─── Records provided

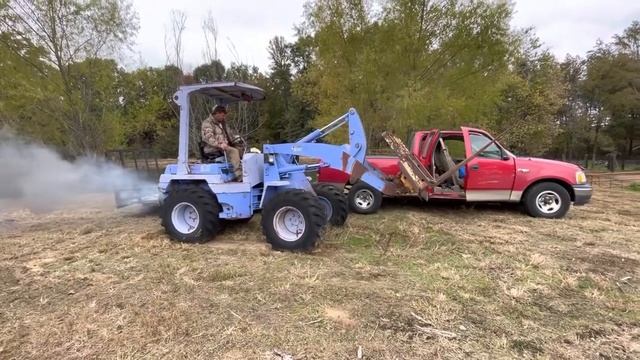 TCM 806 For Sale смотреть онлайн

──────
─── Records provided

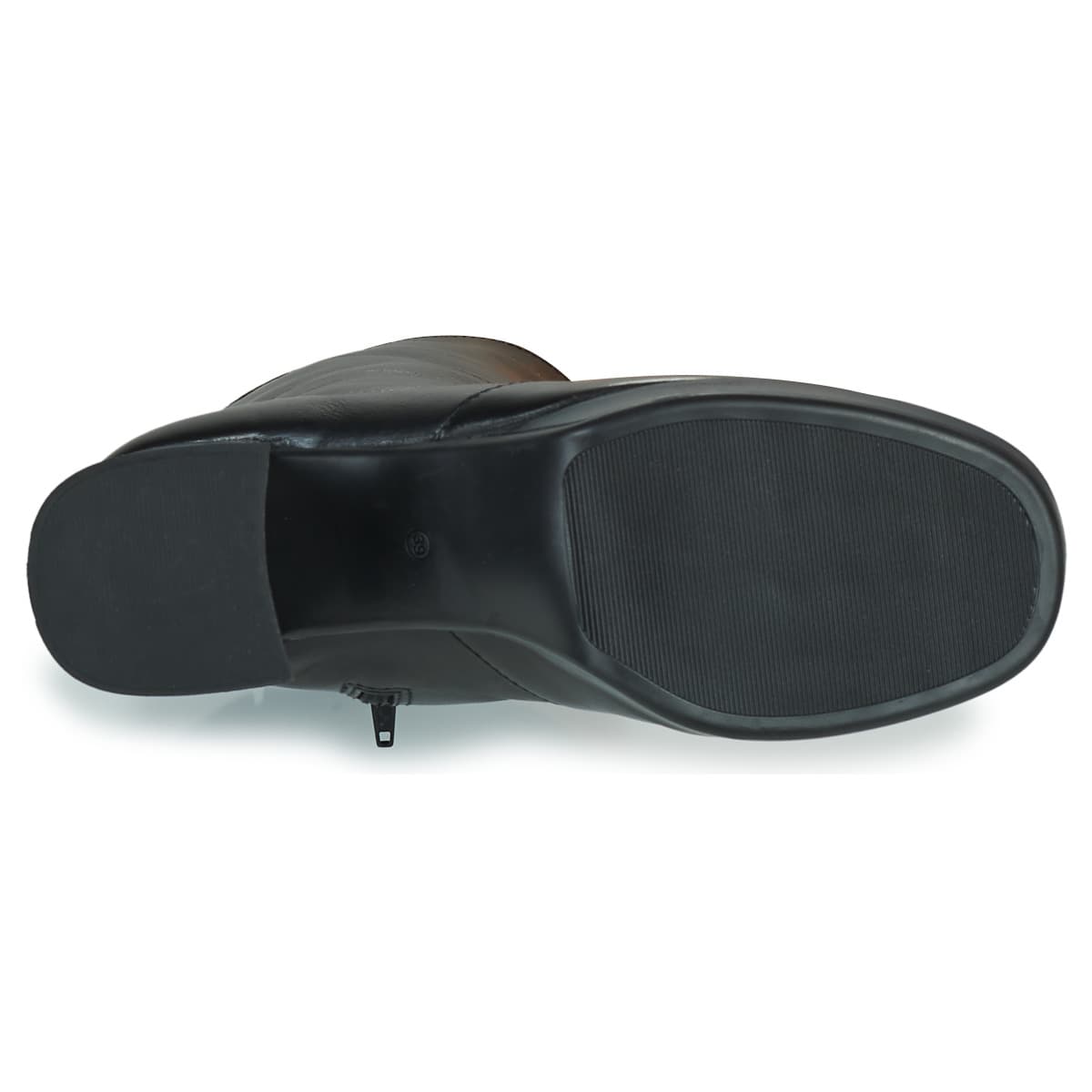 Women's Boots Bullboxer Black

──────
─── Records provided

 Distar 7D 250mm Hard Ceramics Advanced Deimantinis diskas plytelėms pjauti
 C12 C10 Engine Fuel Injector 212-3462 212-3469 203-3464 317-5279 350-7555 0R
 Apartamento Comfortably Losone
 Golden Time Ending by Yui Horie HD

──────

*Required work*
Please transcribe only the lines in the records above running from the line that has "Apartamento Comfortably Losone" through the line that has "Golden Time Ending by Yui Horie HD", both included, exactly as they appear.

*Response*
 Apartamento Comfortably Losone
 Golden Time Ending by Yui Horie HD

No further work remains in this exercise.